Eastdale Collegiate Institute and Heydon Park Secondary School
are not under-enrolled schools. They are under threat.
Eastdale and Heydon Park exist to serve students who would otherwise disengage from education entirely. Removing Grade 9 intake doesn’t “optimize resources”; the cost of maintaining these programs is far lower than the lifelong public cost of losing them.
1. These Schools Catch the Students Who Would Otherwise Disappear
Eastdale and Heydon Park play a vital and essential role in our school system - they catch students who would otherwise fall through the cracks.
· Many students with Mild Intellectual Disabilities do not succeed - or even remain enrolled - in large mainstream high schools.
· Without small, predictable, sensory-friendly environments, students experience heightened anxiety, trauma, and disengagement.
· These specialized settings are often the last point of attachment to education before students drop out entirely.
· Students with special needs and disabilities have a right to the accessible and appropriate supports they receive at Eastdale and Heydon Park.
Closing intake doesn’t move students elsewhere, it pushes them out of the system.
2. Uniqueness Is a Strength, Not a Liability
These schools offer learning that cannot be replicated in mainstream settings:
· Credit and non-credit, life-skills programming
· Experiential learning focused on life and employability skills (Rooftop gardens teaching science, sustainability; kitchens and cafeterias teaching culinary and food-service training)
· Co-op placements and real-world skill development.
· To protect our most vulnerable students, Eastdale and Heydon Park must remain strong and stable.
Most students remain until age 21, because that’s what it takes to:
· Earn a certificate or diploma
· Build functional independence
· Prepare for adulthood with dignity
For many students, these schools are their only viable path to completing high school.
3. Who Gets Harmed (and Who Can’t Fight Back)
Eastdale and Heydon Park families face layered adversity beyond disability alone.
· Eastdale ranks in the top 15 most challenged schools out of 100+ in the TDSB on the Learning Opportunities Index, and Heydon Park is number 26.
· Many students lack access to basic necessities: toiletries, winter clothing, food security.
· Families are already under immense strain and often lack the capacity to advocate publicly or politically.
This raises a critical question: Would this approach be taken if the affected community had greater resources, visibility, or political voice?
4. Location Is Not Accidental - It Is Essential
Location matters for access, safety and independence.
· Eastdale and Heydon Park’s proximities to streetcars are critical, not just for daily TTC access, but as intentional travel training for students building independence.

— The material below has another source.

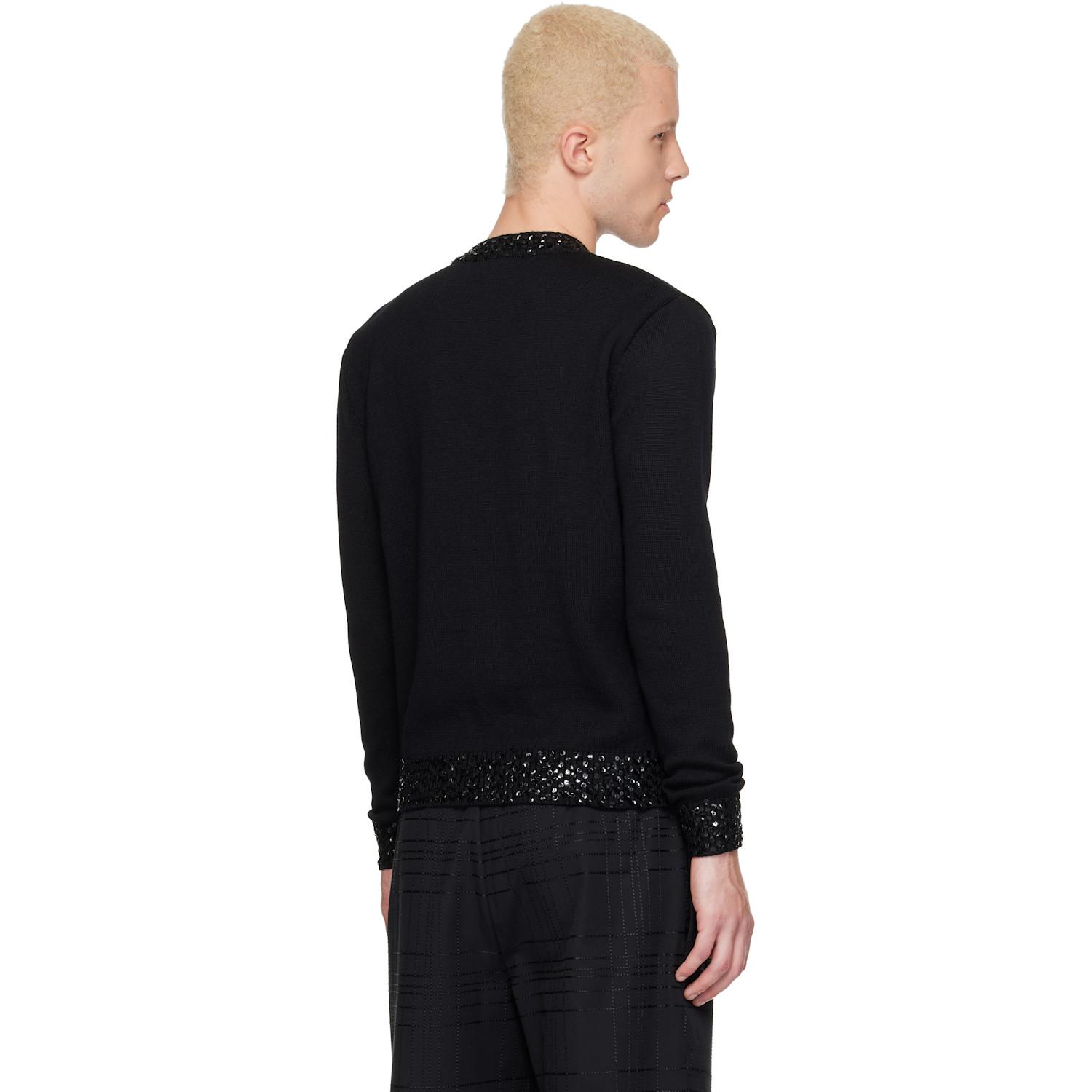 Ernest W BAKER 22AW ニットカーディガン ブラック ホワイト メンズ Ernest W. Baker カーディガン | オンラインセールは最大66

Streetcar access is especially important for students with sensory sensitivities, offering calmer, more manageable travel than buses or complex transfers.
· Heydon Park is also close to St. Patrick Station, further increasing safe, predictable transit.
· Central locations allow for meaningful community-based field trips.
· Both school serves students from communities identified as needing enhanced services due to their vulnerability, such as Scarborough and Regent Park.
· For most Heydon Park/Eastdale students, there is no viable alternative school they can safely or realistically travel to.
Moving or eliminating the program ignores how disability, transit access, and geography intersect, and effectively excludes the very students the program exists to serve.
5. The Financial Reality for Families
The burden on families is well documented:
· Parents frequently reduce work hours, change jobs, or leave the workforce entirely.
· Disability-related care costs are high and often not fully covered.
· Severity of a child’s disability correlates strongly with financial hardship.
· Families of children with ASD and similar conditions experience significantly lower lifetime earnings.
Weakening school-based support deepens this economic penalty and shifts costs from education to social services.
6. The Cost of Failure Is Far Greater Than the Cost of Support
When students with disabilities do not complete high school, the impact ripples outward:
Economic Impact
· Employment rates drop to ~8% for adults with disabilities without a diploma
· Lower lifetime earnings = lower tax contribution
· Increased reliance on income assistance, housing support, and community services
Social & Health Impact
· Increased social isolation
· Poorer health outcomes and higher healthcare usage
· Overrepresentation in the justice system
The Post School “Abyss”
· Supports collapse after school exit; families navigate an “abyss” with little guidance
· The system pays more later for what it refused to fund earlier
Preventing dropout is one of the most cost-effective interventions available.
7. These Students Are Thriving Because of These Environments
The students at Eastdale and Heydon Park are thriving because of their specialized settings.
· Sensory-friendly spaces
· Trained educators
· Predictable routines
· Relationship-based teaching
· Experiential learning
Forcing students into mainstream environments can cause lasting stress, anxiety, and trauma — undoing years of progress.
This is not an enrolment issue. It is a human rights violation.